Locate each line with the string "space" in the listing below and copy it.

### INPUT FOR THIS TASK:

▼

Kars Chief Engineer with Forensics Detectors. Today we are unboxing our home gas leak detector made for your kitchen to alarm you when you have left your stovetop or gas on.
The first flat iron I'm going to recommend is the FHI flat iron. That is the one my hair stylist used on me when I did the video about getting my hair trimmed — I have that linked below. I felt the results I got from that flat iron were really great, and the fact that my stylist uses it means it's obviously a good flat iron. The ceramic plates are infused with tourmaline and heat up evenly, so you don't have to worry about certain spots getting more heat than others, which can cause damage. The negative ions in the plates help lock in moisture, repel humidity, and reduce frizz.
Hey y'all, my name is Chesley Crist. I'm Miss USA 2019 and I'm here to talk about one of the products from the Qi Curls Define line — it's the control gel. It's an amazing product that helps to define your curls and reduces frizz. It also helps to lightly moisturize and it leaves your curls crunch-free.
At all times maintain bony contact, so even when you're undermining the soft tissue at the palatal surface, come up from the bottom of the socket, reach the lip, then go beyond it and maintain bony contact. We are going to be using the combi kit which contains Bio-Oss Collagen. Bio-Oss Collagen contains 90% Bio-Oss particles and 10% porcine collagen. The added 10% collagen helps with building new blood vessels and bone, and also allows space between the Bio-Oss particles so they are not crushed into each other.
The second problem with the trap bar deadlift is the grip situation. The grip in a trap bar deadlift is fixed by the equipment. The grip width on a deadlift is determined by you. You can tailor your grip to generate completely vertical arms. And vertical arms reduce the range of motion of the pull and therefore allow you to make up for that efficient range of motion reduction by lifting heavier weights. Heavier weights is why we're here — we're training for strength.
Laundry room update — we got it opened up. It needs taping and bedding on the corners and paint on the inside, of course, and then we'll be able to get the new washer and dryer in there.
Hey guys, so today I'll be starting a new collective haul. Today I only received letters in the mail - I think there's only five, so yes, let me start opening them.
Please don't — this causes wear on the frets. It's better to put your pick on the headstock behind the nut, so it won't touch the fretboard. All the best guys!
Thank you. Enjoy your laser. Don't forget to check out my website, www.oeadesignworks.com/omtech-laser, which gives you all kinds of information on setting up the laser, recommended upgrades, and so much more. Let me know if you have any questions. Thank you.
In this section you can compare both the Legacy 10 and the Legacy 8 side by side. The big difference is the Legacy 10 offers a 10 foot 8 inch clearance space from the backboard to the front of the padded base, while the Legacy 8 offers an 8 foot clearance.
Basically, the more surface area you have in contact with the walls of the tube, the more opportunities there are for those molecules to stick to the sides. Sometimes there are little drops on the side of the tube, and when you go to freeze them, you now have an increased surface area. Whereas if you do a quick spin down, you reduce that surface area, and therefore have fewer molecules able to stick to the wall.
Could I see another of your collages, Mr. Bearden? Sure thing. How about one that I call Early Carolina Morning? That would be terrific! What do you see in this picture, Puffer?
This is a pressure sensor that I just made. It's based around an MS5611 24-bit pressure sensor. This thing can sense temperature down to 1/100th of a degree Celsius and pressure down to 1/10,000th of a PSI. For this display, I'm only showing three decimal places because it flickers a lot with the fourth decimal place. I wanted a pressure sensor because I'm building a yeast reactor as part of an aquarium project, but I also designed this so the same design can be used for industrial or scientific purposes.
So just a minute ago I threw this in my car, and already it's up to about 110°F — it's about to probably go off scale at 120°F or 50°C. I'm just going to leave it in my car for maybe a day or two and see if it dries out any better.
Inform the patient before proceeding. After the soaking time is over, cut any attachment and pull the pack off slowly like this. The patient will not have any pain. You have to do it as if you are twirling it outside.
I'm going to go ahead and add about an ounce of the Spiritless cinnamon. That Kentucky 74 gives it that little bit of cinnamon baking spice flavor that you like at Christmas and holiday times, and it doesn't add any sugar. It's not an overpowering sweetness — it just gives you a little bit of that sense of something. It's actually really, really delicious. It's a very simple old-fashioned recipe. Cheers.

▲

### TASK RESULT:
At all times maintain bony contact, so even when you're undermining the soft tissue at the palatal surface, come up from the bottom of the socket, reach the lip, then go beyond it and maintain bony contact. We are going to be using the combi kit which contains Bio-Oss Collagen. Bio-Oss Collagen contains 90% Bio-Oss particles and 10% porcine collagen. The added 10% collagen helps with building new blood vessels and bone, and also allows space between the Bio-Oss particles so they are not crushed into each other.
In this section you can compare both the Legacy 10 and the Legacy 8 side by side. The big difference is the Legacy 10 offers a 10 foot 8 inch clearance space from the backboard to the front of the padded base, while the Legacy 8 offers an 8 foot clearance.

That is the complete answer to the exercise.